Before rerunning the project (e.g. via the main script) for the same set of data sets, the files produced by an earlier execution should be cleaned by:

$ sbt clean

to avoid appending to the existing produced files.

Running custom history files

• Creating strong d-hitting schedules:

  Construct strong d-hitting schedules by using the script scripts/tools/createTests, by specifying the class under test, directory of input files, name of test files, name of the stats directory, name of the stat files, and the min and max depth for the hitting families.

   python scripts/tools/createTests.py "java.util.concurrent.ArrayBlockingQueue<Integer>" "example/histories/ArrayBlockingQueue" "produced.testABQ" "TestABQ" "statsABQ" "StatABQ" 2 3  
  
  

  This will produce .java source files in the produced directory. These .java files invoke strong hitting family of schedules of operations in the given history.

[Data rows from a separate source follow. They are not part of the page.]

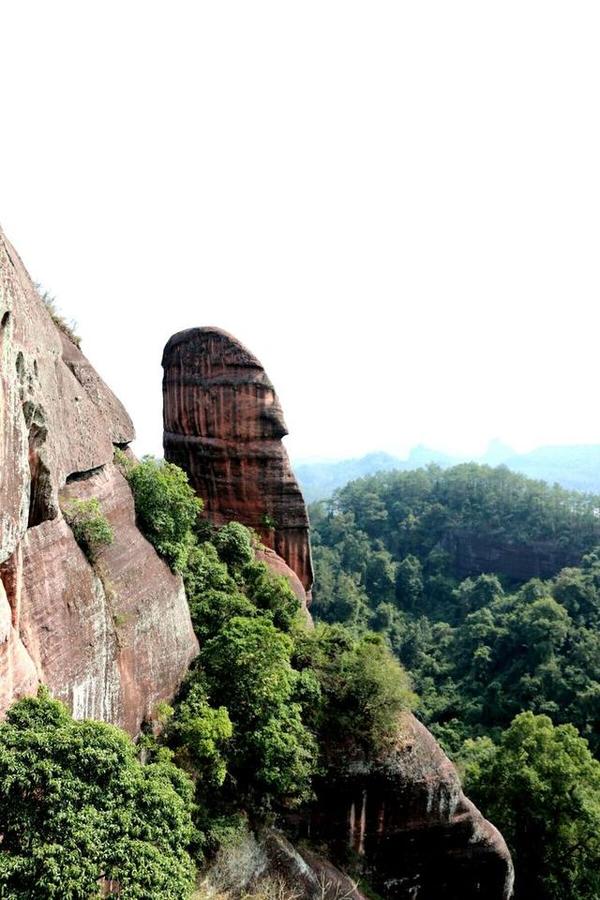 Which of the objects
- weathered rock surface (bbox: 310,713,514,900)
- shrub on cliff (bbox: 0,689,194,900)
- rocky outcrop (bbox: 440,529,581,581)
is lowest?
rocky outcrop (bbox: 440,529,581,581)

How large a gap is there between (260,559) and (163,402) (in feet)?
21.8

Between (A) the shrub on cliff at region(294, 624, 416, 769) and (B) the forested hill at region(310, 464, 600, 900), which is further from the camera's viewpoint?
(B) the forested hill at region(310, 464, 600, 900)

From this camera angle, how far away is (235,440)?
19953 mm

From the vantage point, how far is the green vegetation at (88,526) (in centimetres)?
1192

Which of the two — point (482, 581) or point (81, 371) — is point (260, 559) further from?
point (482, 581)

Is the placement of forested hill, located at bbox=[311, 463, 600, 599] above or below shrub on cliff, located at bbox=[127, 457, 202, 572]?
below

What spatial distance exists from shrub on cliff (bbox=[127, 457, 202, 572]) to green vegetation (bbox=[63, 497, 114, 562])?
2.24m

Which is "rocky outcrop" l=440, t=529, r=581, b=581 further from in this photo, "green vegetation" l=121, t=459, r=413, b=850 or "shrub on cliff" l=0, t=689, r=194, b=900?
"shrub on cliff" l=0, t=689, r=194, b=900

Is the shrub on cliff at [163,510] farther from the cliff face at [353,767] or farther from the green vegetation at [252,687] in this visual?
the cliff face at [353,767]

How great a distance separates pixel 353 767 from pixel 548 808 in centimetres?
870

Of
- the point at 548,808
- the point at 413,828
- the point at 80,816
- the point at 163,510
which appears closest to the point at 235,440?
the point at 163,510

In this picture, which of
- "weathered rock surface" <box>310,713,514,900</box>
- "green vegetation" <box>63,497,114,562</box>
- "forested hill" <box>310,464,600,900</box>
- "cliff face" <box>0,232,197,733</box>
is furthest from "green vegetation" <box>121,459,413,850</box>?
"forested hill" <box>310,464,600,900</box>

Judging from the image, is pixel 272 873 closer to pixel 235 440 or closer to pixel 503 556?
pixel 235 440

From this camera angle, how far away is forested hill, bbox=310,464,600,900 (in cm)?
1859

• Compiling and running the produced files:

  Compile the produced classes using the script scripts/tools/compileTests.py by specifying the directory of files to be compiled:

   python scripts/tools/compileTests.py "produced/testABQ/D2" 
  
  

  Run the compiled test classes using the script scripts/tools/runTests.py by specifying the directory of files to be run directory of test files and a directory name for the output files scripts/tools/runTests.py

   python scripts/tools/runTests.py "produced/testABQ/D2" "out/ABQ/D2.txt"
  

  After these steps, the output folders produced, stat and out are created, where the files in the out folder lists whether the histories are shown to be linearizable or not.